MATERIAL SHOWN >>
-=-=-

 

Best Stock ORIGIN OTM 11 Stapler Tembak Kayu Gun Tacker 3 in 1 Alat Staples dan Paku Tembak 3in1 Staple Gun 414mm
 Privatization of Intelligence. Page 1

-=-=-

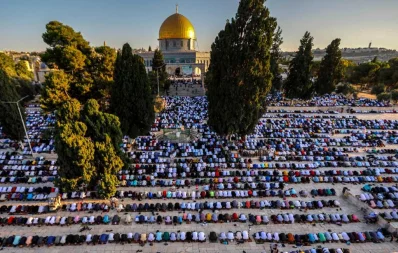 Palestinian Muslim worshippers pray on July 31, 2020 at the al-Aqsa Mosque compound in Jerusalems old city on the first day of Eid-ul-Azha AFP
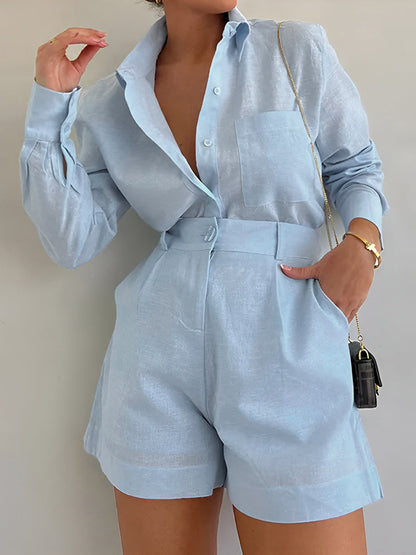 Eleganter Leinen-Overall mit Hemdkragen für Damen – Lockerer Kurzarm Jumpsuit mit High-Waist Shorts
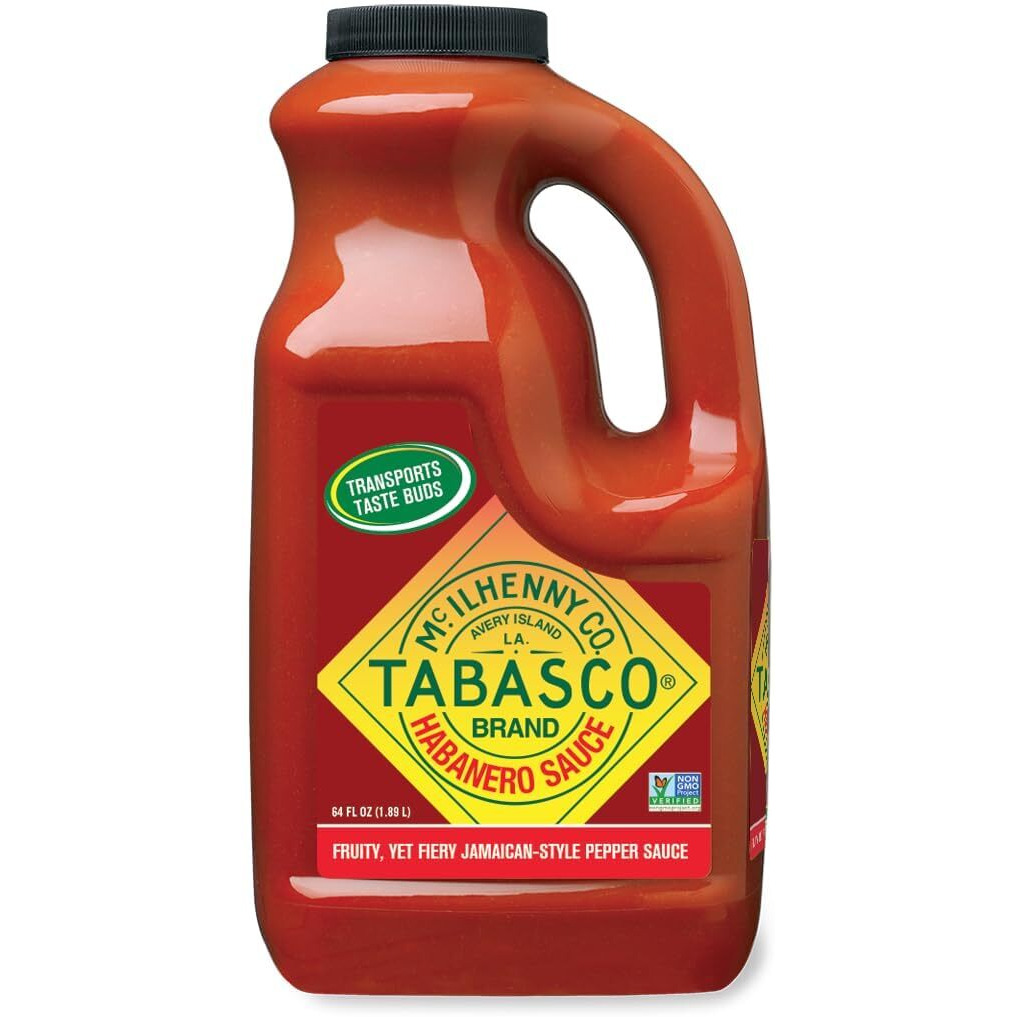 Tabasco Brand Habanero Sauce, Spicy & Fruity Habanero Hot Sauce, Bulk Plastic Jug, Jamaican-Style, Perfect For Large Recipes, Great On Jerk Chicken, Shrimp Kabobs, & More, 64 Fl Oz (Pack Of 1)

-=-=-

WHAT YOU WILL DO >>
Your copy should hold the lines from the one with "Eleganter Leinen-Overall mit" up to and including the one with "Tabasco Brand Habanero", exactly as in the data above, and no pictures.

RESPONSE BELOW >>
 Eleganter Leinen-Overall mit Hemdkragen für Damen – Lockerer Kurzarm Jumpsuit mit High-Waist Shorts
 Tabasco Brand Habanero Sauce, Spicy & Fruity Habanero Hot Sauce, Bulk Plastic Jug, Jamaican-Style, Perfect For Large Recipes, Great On Jerk Chicken, Shrimp Kabobs, & More, 64 Fl Oz (Pack Of 1)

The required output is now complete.